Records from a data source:
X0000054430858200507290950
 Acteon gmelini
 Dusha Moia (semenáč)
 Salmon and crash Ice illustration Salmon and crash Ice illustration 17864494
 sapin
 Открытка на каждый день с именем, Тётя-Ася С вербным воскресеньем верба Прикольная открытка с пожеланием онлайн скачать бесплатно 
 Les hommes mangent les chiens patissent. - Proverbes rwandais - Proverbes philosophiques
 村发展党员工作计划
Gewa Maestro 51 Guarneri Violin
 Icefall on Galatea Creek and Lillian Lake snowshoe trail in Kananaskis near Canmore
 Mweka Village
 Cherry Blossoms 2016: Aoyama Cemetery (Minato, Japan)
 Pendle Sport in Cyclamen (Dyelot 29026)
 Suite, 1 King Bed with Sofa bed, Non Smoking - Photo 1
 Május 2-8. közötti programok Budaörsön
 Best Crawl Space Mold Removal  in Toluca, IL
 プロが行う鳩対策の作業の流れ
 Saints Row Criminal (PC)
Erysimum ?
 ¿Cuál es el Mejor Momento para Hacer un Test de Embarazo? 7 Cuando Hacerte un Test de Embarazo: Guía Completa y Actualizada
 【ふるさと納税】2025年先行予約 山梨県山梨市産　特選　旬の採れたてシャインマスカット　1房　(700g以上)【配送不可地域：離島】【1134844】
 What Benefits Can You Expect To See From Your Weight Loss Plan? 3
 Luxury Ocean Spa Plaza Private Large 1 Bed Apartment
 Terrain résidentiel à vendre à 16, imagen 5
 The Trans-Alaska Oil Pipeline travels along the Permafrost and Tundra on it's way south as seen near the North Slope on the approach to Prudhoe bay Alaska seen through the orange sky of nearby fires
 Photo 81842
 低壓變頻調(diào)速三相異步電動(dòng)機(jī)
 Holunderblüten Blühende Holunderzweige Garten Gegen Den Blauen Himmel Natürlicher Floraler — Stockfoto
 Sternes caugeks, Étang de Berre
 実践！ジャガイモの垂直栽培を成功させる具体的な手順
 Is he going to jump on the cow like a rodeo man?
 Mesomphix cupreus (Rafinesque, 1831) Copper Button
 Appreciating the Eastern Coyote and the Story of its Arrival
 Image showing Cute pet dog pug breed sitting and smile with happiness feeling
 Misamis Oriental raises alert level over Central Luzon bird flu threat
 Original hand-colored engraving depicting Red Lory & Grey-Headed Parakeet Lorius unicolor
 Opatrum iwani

• **WORK REQUIRED**:
Could you return all of the data exactly as written?

• **ANSWER TO THIS PROBLEM**:
X0000054430858200507290950
 Acteon gmelini
 Dusha Moia (semenáč)
 Salmon and crash Ice illustration Salmon and crash Ice illustration 17864494
 sapin
 Открытка на каждый день с именем, Тётя-Ася С вербным воскресеньем верба Прикольная открытка с пожеланием онлайн скачать бесплатно 
 Les hommes mangent les chiens patissent. - Proverbes rwandais - Proverbes philosophiques
 村发展党员工作计划
Gewa Maestro 51 Guarneri Violin
 Icefall on Galatea Creek and Lillian Lake snowshoe trail in Kananaskis near Canmore
 Mweka Village
 Cherry Blossoms 2016: Aoyama Cemetery (Minato, Japan)
 Pendle Sport in Cyclamen (Dyelot 29026)
 Suite, 1 King Bed with Sofa bed, Non Smoking - Photo 1
 Május 2-8. közötti programok Budaörsön
 Best Crawl Space Mold Removal  in Toluca, IL
 プロが行う鳩対策の作業の流れ
 Saints Row Criminal (PC)
Erysimum ?
 ¿Cuál es el Mejor Momento para Hacer un Test de Embarazo? 7 Cuando Hacerte un Test de Embarazo: Guía Completa y Actualizada
 【ふるさと納税】2025年先行予約 山梨県山梨市産　特選　旬の採れたてシャインマスカット　1房　(700g以上)【配送不可地域：離島】【1134844】
 What Benefits Can You Expect To See From Your Weight Loss Plan? 3
 Luxury Ocean Spa Plaza Private Large 1 Bed Apartment
 Terrain résidentiel à vendre à 16, imagen 5
 The Trans-Alaska Oil Pipeline travels along the Permafrost and Tundra on it's way south as seen near the North Slope on the approach to Prudhoe bay Alaska seen through the orange sky of nearby fires
 Photo 81842
 低壓變頻調(diào)速三相異步電動(dòng)機(jī)
 Holunderblüten Blühende Holunderzweige Garten Gegen Den Blauen Himmel Natürlicher Floraler — Stockfoto
 Sternes caugeks, Étang de Berre
 実践！ジャガイモの垂直栽培を成功させる具体的な手順
 Is he going to jump on the cow like a rodeo man?
 Mesomphix cupreus (Rafinesque, 1831) Copper Button
 Appreciating the Eastern Coyote and the Story of its Arrival
 Image showing Cute pet dog pug breed sitting and smile with happiness feeling
 Misamis Oriental raises alert level over Central Luzon bird flu threat
 Original hand-colored engraving depicting Red Lory & Grey-Headed Parakeet Lorius unicolor
 Opatrum iwani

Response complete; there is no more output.